El santo viejo escucharía con un gozo estremecedor el anuncio de la sentencia. Los verdugos encendieron la colosal hoguera y prepararon la tinaja con el aceite chisporroteante. En ella arrojaron al apóstol. Al fin iban a quedar colmados sus deseos. El cáliz que prometiera beber un día lejano en Palestina estaba pronto con toda su amargura.
Pero Dios no quiso que las cosas llegaran a su fin. Le había concedido el mérito y el honor del martirio, pero al mismo tiempo volvía a repetirse el milagro de los tres jóvenes en el horno de Babilonia. El fuego perdía sus propiedades destructoras. Ante la admiración de verdugos y populacho San Juan continuaba ileso en la caldera, y el aceite hirviendo le servía de baño refrescante. El tirano tomó a magia el prodigio y desterró a San Juan, que había salido más joven y vigoroso del suplicio, a la isla de Patmos.
Aunque de esta manera el martirio continuaba. Patmos es una pequeña isla, árida y semidesértica, que servía de escala a los navíos que iban o venían de Roma a Efeso. En esta isla, tal vez sometido a trabajos forzados, escribió San Juan su Apocalipsis. Sería su último y gran servicio a la Iglesia. Un domingo se le aparece Cristo glorificado y le ordena escribir a las cristiandades de Efeso, Esmirna, Pérgamo, Tiatira, Sardes, Filadelfia y Laodicea. Son siete cartas que contienen consejos y alientos, felicitaciones y reproches, promesas y amenazas, según la situación de cada comunidad.
Después continúa la descripción de las restantes visiones: el libro de los siete sellos, las siete trompetas, los siete signos, las siete copas, las siete fases de la caída de Babilonia o Roma, los siete principales actos del drama escatológico…
En este libro desconcertante se refleja el carácter impetuoso del «hijo del trueno» en las exhortaciones inflamadas y en las descripciones terroríficas.

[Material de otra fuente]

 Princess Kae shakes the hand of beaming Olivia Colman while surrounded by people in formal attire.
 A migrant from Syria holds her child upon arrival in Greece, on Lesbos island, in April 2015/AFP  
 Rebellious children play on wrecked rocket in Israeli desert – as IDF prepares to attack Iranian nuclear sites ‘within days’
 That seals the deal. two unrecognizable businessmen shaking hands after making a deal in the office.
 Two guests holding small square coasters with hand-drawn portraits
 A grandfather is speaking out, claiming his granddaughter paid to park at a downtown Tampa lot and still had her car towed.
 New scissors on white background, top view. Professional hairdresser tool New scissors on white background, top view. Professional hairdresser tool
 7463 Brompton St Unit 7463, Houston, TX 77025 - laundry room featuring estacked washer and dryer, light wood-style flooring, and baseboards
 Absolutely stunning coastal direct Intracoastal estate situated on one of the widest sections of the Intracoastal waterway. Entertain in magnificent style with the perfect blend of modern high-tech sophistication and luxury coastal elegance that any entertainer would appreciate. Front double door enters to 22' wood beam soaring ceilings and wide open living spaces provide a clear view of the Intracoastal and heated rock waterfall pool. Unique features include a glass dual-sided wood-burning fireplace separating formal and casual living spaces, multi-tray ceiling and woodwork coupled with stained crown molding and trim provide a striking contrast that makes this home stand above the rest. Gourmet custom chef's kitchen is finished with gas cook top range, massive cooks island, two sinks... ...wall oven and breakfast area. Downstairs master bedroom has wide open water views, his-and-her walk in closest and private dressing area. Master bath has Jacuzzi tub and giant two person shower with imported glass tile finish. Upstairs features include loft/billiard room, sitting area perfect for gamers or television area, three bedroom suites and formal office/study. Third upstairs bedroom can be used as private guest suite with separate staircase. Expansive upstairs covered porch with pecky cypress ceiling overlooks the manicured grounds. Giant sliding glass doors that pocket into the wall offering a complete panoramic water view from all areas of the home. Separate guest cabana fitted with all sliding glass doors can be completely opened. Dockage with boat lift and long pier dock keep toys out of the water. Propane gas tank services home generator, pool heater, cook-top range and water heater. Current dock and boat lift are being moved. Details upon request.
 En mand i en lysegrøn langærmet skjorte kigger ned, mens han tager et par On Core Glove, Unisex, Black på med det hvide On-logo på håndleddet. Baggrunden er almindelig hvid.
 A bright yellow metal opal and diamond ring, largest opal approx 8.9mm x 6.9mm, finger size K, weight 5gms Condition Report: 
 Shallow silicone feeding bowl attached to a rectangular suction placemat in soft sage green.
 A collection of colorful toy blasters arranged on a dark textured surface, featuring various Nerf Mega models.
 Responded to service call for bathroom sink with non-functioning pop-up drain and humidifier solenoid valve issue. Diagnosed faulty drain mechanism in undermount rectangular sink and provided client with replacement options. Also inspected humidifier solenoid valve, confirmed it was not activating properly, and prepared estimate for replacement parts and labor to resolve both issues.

Tras las frases proféticas se encierran veladas alusiones a la persecución de Diocleciano, que debía alcanzar a las comunidades de Pérgamo y Esmirna: “He aquí que el diablo va a meter a alguno de vosotros en la cárcel, para que seáis tentados, y la tribulación durará diez días» (Apoc. 2, 10). Pero avanzando el libro se consignan ya las víctimas que la “gran meretriz que se sienta sobre las siete colinas” hacía con aquellos que se negaban al culto a los emperadores y a la diosa Roma: «Yo he visto a la mujer ebria con la sangre de los santos y de los mártires de Jesús» (Apoc. 17, 16). Y poco después: «Vi bajo el altar las almas de los degollados por el testimonio de Jesús y por la palabra de Dios, aquellos que no adoraron a la bestia ni a su imagen» (Apoc. 20, 4).
Sin embargo, el Apocalipsis es un mensaje de esperanza. Las palabras más alentadoras de toda la Escritura, las descripciones más bellas de la liturgia celeste, el triunfo definitivo del bien sobre el mal, del Cordero sobre el Dragón, recorre sus páginas. Se encierra un deseo infinito en ese Amén, en esa afirmación con que el apóstol anciano, que presiente el fin, responde a las palabras de Jesús: «Vengo pronto». Y Juan contesta: «Amén. Ven, Señor Jesús» (Apoc. 22, 20).
El 18 de septiembre del 96, al año del martirio de San Juan, moría asesinado el emperador Diocleciano. El vidente de Patmos debió quedar libre para retornar a Efeso, donde, por fin, encontraría, en una muerte apacible, a “Jesucristo, el testigo fiel, el primogénito de los muertos». Como a vencedor le daría a comer del árbol de la vida que está en medio del paraíso de Dios (Apoc. 2, 7).